Kim: I think being around other people certainly, because it’s a new thing for all of us. What we found though is, in our experience and even audience members as well have been saying, it comes back quickly. It’s like riding a bike and not having ridden for a while. But it does come back quickly.

Miller: Gloria, my understanding is that you’re starting concerts with short pieces, are they even written on the program or some other way to get people back to the world of music again? What are you doing?

Chien: We’ve designed this summer, starting with every program with a prelude that we’re calling them preludes. As our theme this summer, Reflect and Rejoice, it’s just a short piece where we can have some time to reflect. We ask that, it’s usually quite a meditative piece, reflective piece, just collectively to think about everything we’ve been through this whole year. We asked everyone not to applaud right after, to just feel that energy together and actually, the East Coast Chamber Orchestra instead of playing, they hummed the Bach Chorale and I thought that was just the most magical sound to have in that hall.

Miller: 15 string players humming. Could they carry a tune well?

Chien: Oh yeah, and it was so intimate, so special.

Miller: What was the effect on the audience? It sounds – it does sound very intimate.

Chien: Yes. Actually, I’ve heard from many people, they were very thankful. They didn’t know they needed this time. They didn’t realize they needed that moment to just have that time to reflect and to meditate and to acknowledge our collective experience. I think that’s a very special gesture that we are incorporating this summer.

Kim: There was something odd when we thought about starting with something incredibly joyful, and were incredibly excited as we were thinking about the programming this summer. So we wanted to warm us all up into it.

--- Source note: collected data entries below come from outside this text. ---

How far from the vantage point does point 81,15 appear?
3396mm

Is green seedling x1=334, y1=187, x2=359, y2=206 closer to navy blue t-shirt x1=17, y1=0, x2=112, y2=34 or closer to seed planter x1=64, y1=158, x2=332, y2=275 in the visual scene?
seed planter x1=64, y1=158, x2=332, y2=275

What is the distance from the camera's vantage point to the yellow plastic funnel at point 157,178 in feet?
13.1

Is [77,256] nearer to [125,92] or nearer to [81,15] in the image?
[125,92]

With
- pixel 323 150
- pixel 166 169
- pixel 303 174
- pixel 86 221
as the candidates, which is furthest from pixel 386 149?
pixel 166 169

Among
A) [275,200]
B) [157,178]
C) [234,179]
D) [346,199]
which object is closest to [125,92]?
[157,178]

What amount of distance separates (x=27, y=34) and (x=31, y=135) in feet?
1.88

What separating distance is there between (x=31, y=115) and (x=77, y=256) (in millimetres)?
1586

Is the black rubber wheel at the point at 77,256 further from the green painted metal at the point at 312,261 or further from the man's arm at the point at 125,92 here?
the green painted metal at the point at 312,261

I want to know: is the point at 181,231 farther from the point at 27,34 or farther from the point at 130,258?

Miller: It’s impossible to talk with the two of you for our first conversation without talking about the last year and a half and the strangeness and the trauma and how you’re processing that. Looking forward, you’re following the footsteps of David Shifrin, who was the Artistic Director of this festival for 40 years. What are your hopes for what you’ll do in the coming years and where you will take chamber music in the Northwest?

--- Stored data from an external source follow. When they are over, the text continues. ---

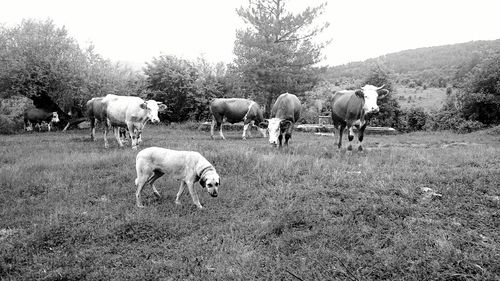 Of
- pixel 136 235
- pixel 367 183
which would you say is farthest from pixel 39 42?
pixel 367 183

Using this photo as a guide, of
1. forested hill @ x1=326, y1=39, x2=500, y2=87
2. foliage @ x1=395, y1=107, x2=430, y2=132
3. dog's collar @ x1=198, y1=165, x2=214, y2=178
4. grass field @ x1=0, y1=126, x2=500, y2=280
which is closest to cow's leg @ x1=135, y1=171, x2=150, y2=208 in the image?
grass field @ x1=0, y1=126, x2=500, y2=280

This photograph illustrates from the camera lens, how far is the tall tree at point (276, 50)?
2345 cm

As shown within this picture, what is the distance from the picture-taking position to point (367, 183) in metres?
7.37

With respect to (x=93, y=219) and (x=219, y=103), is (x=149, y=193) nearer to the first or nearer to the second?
(x=93, y=219)

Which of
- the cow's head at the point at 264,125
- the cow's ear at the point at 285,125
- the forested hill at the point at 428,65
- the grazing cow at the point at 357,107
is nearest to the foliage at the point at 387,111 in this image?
the cow's head at the point at 264,125

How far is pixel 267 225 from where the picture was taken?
5816 millimetres

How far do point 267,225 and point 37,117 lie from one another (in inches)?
937

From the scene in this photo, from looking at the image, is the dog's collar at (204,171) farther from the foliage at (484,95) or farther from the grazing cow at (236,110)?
the foliage at (484,95)

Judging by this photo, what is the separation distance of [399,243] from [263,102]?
2236 cm

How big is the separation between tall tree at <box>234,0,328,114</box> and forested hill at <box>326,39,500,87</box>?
22.7 meters

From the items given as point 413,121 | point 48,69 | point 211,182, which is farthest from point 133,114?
point 413,121

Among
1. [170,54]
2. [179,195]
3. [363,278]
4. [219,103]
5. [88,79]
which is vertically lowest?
[363,278]

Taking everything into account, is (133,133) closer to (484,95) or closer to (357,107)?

Kim: Well, first and foremost, it’s an incredible honor and it’s daunting to be following David. Not just what he’s done in Portland, but really worldwide with his leadership. What we really, what we feel is so important for an organization, especially one that has such a big role in a community as Chamber Music Northwest has, is to serve the community, is to try to understand its needs and and how it can just make the biggest difference in people’s lives, how it can move and inspire the most people. That is different in each community. So much of our job until now has been trying to learn more about Portland and what we’ve learned from Portlanders is that Portland is changing very, very rapidly. The organization and what we’re doing, the kinds of presentations we’re doing, has to also remain nimble and adapt. A big part of what we will do is invest ourselves in music education and especially for younger people and when I say younger people, not 20 and 30 year olds, but really young students and try to make music really, classical music, which is what we do, part of the culture of growing up in Portland.

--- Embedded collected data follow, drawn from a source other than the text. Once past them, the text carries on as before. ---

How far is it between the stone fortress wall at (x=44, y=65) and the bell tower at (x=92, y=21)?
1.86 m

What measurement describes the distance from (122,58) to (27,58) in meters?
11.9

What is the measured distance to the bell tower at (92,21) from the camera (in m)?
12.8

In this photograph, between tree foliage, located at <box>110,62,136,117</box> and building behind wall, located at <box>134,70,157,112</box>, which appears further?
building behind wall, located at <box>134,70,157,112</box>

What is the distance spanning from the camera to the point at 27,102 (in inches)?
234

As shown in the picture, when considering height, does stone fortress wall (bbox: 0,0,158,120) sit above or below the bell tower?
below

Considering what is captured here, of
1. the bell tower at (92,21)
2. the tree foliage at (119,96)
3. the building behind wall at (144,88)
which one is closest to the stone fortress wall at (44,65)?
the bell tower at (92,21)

Miller: Gloria Chien and Soovin Kim, thanks so much for joining us today. Congratulations.

Chien & Kim: Thank you!

Miller: Thank you Gloria Chien and Soovin Kim. They are the Artistic Directors of Chamber Music Northwest. We’re going to go out with a recording from 10 years ago, 2011 from the Festival, Bartok’s Sonata for Two Pianos and Percussion with Amy Yang and Pei-Yao Wang on piano and Candy Chiu and John Corkill on percussion. Thanks very much for tuning in to Think Out Loud on OPB and KLCC, today. I’m Dave Miller. We’ll be back tomorrow.